US-based defense technology company Anduril has begun flight testing its YFQ-44A aircraft, a semi-autonomous fighter designed to operate alongside crewed aircraft in the Collaborative Combat Aircraft program.
The YFQ-44A made its first flight on October 31. The semi-autonomous aircraft conducted taxi and flight tests using autonomous systems rather than remote piloting.
YFQ-44A is being developed with the US Air Force under the Collaborative Combat Aircraft (CCA) program. The company and the US Air Force completed the development from clean-sheet design to first flight in 18 months.
The CCA program aims to enhance survivability, lethality and mission effectiveness through teaming with crewed fighter aircraft or independent operations. Flight testing will develop collaborative, manned-unmanned teaming concepts and tactics for autonomous aircraft integration.
YFQ-44A’s flight testing program will evaluate speed, maneuverability, autonomy, stealth, range and weapons systems integration capabilities. The fully integrated weapon system processes data at combat speeds, identifies targets and commands effects to enhance combined team performance.
The aircraft executes mission plans independently, manages flight control and throttle adjustment without human command, and returns to land at the push of a button. An operator remains “on the loop” but does not directly control the aircraft during flight operations.

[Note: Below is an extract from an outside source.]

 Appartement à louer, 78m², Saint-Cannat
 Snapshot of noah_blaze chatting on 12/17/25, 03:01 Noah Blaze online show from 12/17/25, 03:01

According to Anduril, the YFQ-44A’s software backbone tracks and manages maintenance, vehicle health and sustainment operations on the ground to ensure aircraft readiness. The company said the integration of autonomy from the earliest ground and flight tests will accelerate the pace of learning and iteration for autonomous systems.
Jason Levin, senior vice president of engineering at Anduril said in a statement posted on the company’s website: “By integrating autonomy into the earliest ground and flight tests for YFQ-44A, we’re tackling the hardest challenge that this technology presents first. As a result, we are accelerating the pace of learning and iteration so that we can ultimately deliver this decisive capability to warfighters faster.”
YFQ-44A manufacturing
The aircraft will be produced at Arsenal-1, a 5,000,000 sq ft production facility under construction in Columbus, Ohio. The YFQ-44A will be the first program to move into the facility when operations begin, with prototype CCA production planned to start in the first half of 2026.
The production system uses ArsenalOS, a common software backbone that supports design-for-manufacturing decisions made during YFQ-44A development. The manufacturing approach focuses on simple, mature and low-risk production technologies using a broad labor pool, commoditized supply chain and industry-standard manufacturing processes.
Anduril said it has doubled its manufacturing speed for the YFQ-44A by optimizing processes and workflows and by making design modifications to enhance producibility. The company said these improvements will continue as production transitions to Arsenal-1 next year.